On OSD hosts we also have a separate VLAN for the backend cluster network:

# /etc/netplan/01-netcfg.yaml on OSD nodes:

# This file describes the network interfaces available on your system
# For more information, see netplan(5).
network:
  version: 2
  renderer: networkd
  ethernets:
    eno1:
      dhcp4: false
      dhcp6: false
      addresses: [ 10.101.77.1/22 ]
      routes:
      - to: 10.100.148.0/22
        via: 10.101.79.254
    ens1:
      match:
        macaddress: b8:59:9f:d9:c6:18
      set-name: ens1
    ens8:
      match:
        macaddress: b8:59:9f:d9:c6:1c
      set-name: ens8
  bonds:
    bond1:
      mtu: 9000
      dhcp4: false
      dhcp6: false
      interfaces: [ ens1, ens8 ]
      addresses: [ 10.101.69.1/22]
      nameservers:
        addresses: [10.100.143.21, 10.100.143.22]
      gateway4: 10.101.71.254
      parameters:
        mode: 802.3ad
        lacp-rate: fast
        mii-monitor-interval: 100
        transmit-hash-policy: layer3+4
  vlans:
    bond1.2072:
      mtu: 9000
      id: 2072
      link: bond1
      addresses: [ 10.101.73.1/22 ]

NUMA for TCP/IP and irqbalance off

Ubuntu 20.04 by default tries to balance out interrupt request lines between processor cores.

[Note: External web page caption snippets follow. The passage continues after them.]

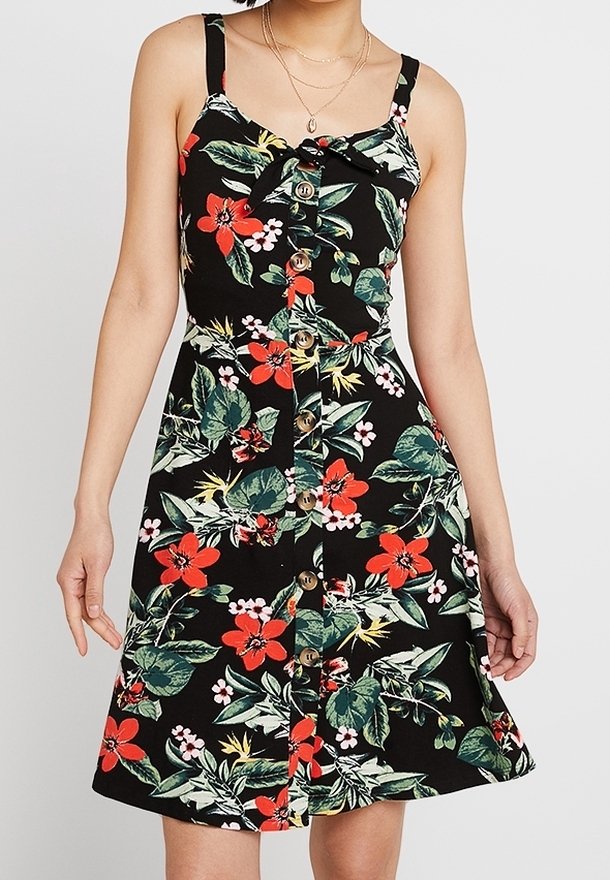 Femme portant une robe noire sans manches avec imprimé floral rouge et blanc, boutons à l'avant, et un petit détail de nœud à l'encolure.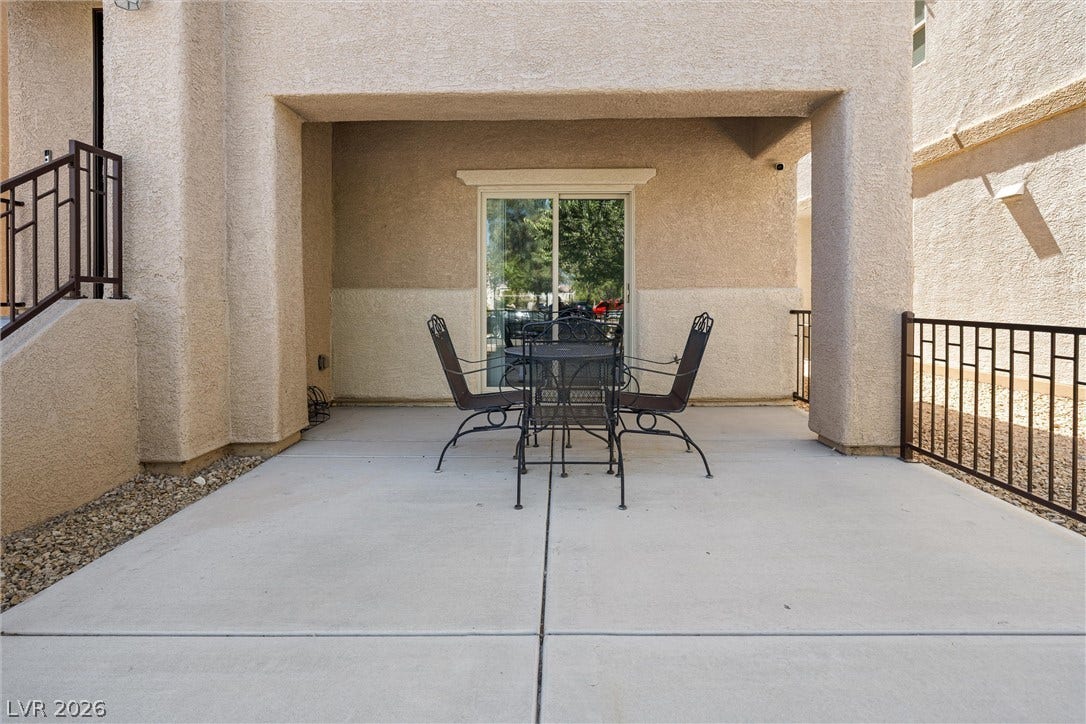 8944 Red Tapestry Court, Las Vegas, NV 89149 Concrete columns frame a sheltered large outdoor dining area finished with stucco walls. Entry into the den.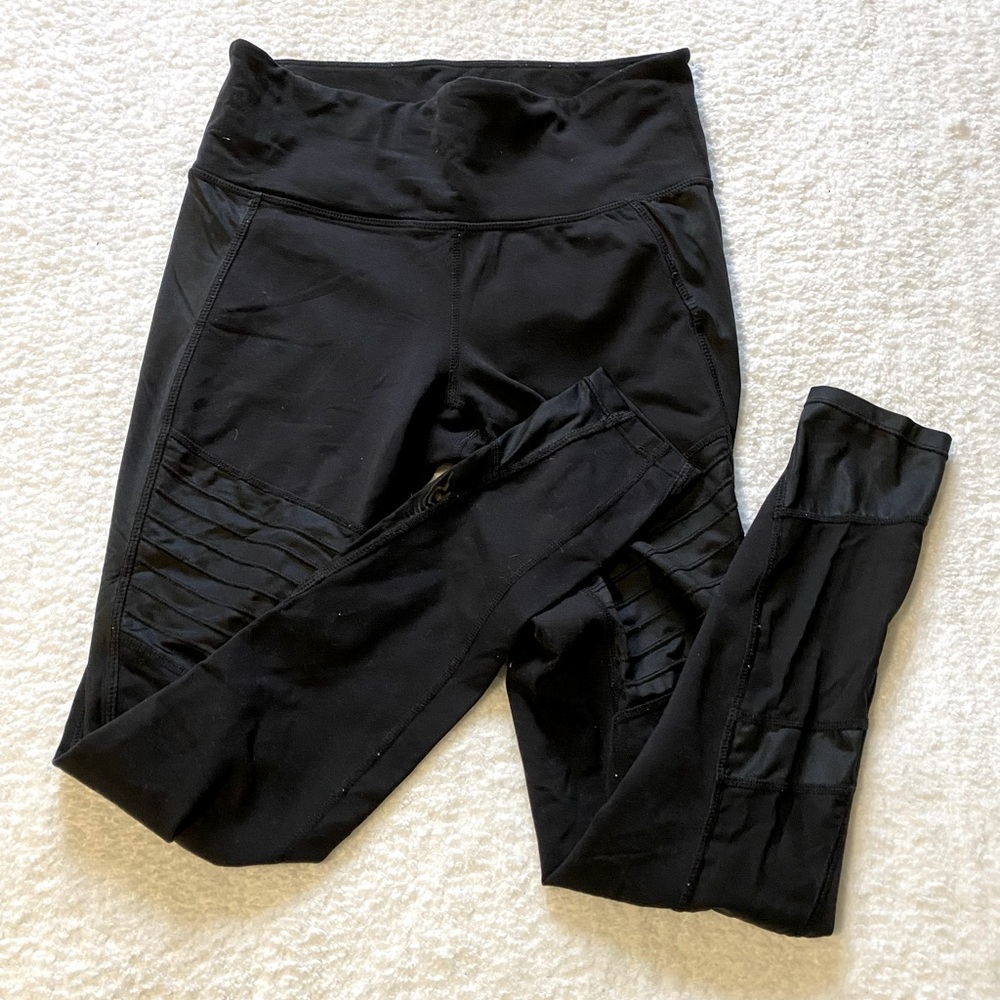 Women’s Athleta moto leggings. Size S. Good condition with some pilling.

This behaviour is undesirable with dual Mellanox network cards, as we want TCP/IP sockets to be attached to the CPU cores on the same socket as the PCIe x16 line, to which the Mellanox network card is attached. Otherwise your network traffic will start travelling all the way through the Quickpath Interconnect (QPI) bus between the processor sockets, which has a throughput of ~65GB/s.

So, in systemd configuration we systemctl disable irqbalance and enable a custom Mellanox script, which assigns IRQ lines to CPU cores: systemctl enable set_irq_affinity_bynode.

TCP/IP tuning: rmem/wmem socket buffers and nf_conntrack

Don’t forget to increase the maximum size of TCP socket buffers to at least 2-4 MB.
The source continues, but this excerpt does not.